──────── Records shown

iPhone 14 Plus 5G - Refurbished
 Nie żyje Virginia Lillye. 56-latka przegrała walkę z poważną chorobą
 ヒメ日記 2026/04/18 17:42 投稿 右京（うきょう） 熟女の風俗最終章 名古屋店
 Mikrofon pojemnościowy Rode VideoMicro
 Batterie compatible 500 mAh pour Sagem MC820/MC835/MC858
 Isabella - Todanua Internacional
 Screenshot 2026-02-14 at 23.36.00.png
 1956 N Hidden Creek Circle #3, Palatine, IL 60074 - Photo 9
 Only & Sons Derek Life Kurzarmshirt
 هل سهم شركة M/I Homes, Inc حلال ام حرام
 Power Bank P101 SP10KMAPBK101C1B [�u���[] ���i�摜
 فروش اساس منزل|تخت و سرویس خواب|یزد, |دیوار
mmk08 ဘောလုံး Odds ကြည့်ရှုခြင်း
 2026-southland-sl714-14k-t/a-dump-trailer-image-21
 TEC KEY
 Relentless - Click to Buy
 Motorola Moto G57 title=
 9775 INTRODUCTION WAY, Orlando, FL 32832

────────────────

• Exercise details: Write down exactly the line that contains "Power Bank P101" along with all later lines of the material, ending at its final line.

• Written solution:
 Power Bank P101 SP10KMAPBK101C1B [�u���[] ���i�摜
 فروش اساس منزل|تخت و سرویس خواب|یزد, |دیوار
mmk08 ဘောလုံး Odds ကြည့်ရှုခြင်း
 2026-southland-sl714-14k-t/a-dump-trailer-image-21
 TEC KEY
 Relentless - Click to Buy
 Motorola Moto G57 title=
 9775 INTRODUCTION WAY, Orlando, FL 32832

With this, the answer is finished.